A while ago, a friend admitted to me that she couldn’t see things going anywhere with her long-term boyfriend because she was afraid of the limitations of marriage. In her mind, marriage was a break in the tracks she had so carefully laid down for her life path. She eventually broke up with him and moved on, but the conversation I had with her that day has stayed with me for a long time. I think one of the reasons I continue to reflect on her words is because I really never considered marriage to be “limiting” in terms of my choices, my career, or what I want out of life.
Now, I’m no fool. I know there are certain sacrifices I’ll have to make once Sparks and I are married. And I’m ready for it. But while I recognize that we will share a life together and work toward common goals, I refuse to accept that I’ll relinquish control of my own path just because I’m married.

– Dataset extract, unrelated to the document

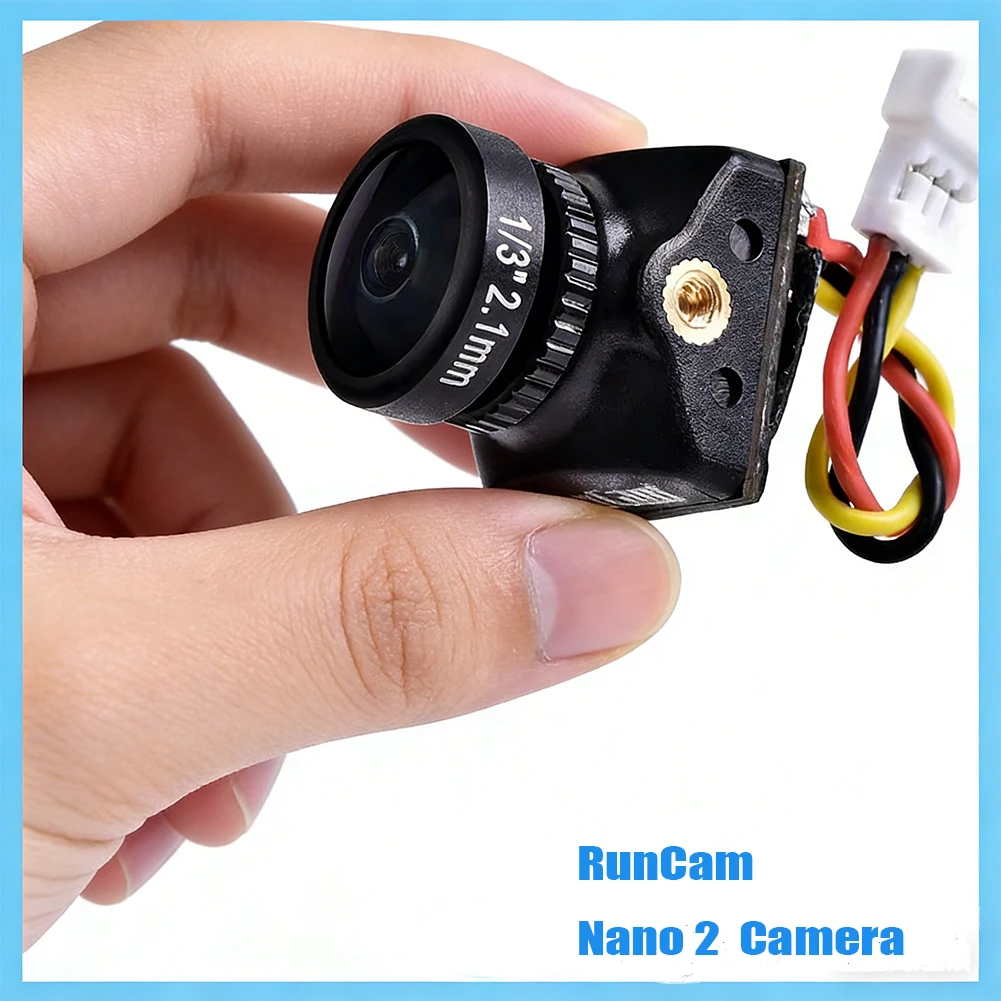 RunCam Nano 2 FPV Camera 2.1/1.8mm(M8) 155°/170° FOV 700TVL CMOS NTSC Mini For FPV Racing Drone Quadcopter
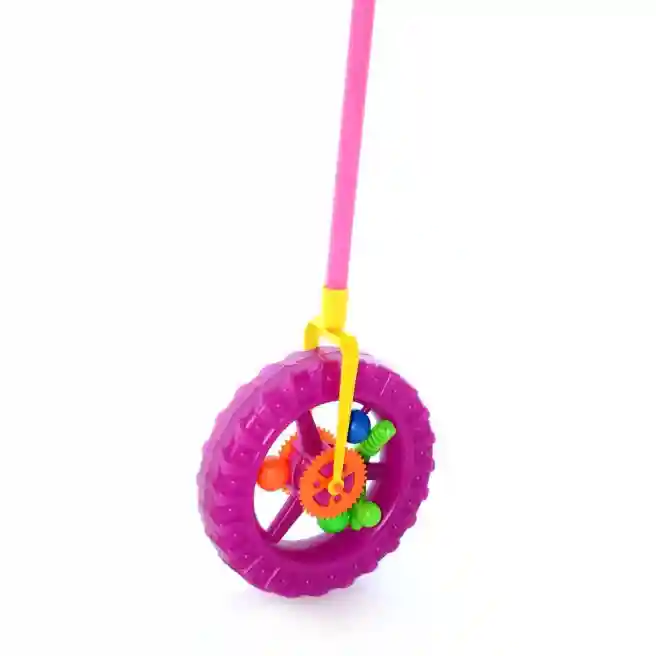 Jucarie trage-impinge "Roata" 20" (violet), cod 85307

One of the reasons I want to marry Sparks is because his presence is an enhancement to my life, rather than a limitation. I’ve never thought, “Ugh. I could totally do this if I was single.” I’m not saying that I’ll never feel that way, just that I’m not approaching marriage with that fear. I guess what I’m trying to say is, I don’t want my marriage to define who I am… I want it to define who I love.
Oh and, yes, I realize that the title of my post is also the name of a new Bradley Cooper movie. And no, I will not deny you a peek at his gorgeous face:

Via Rotten Tomatoes
Thanks for listening to me ramble on, hive!
How do you all feel about marriage and limitations? Are there any? Are there certain things you are NOT willing to give up when you become someone’s wife?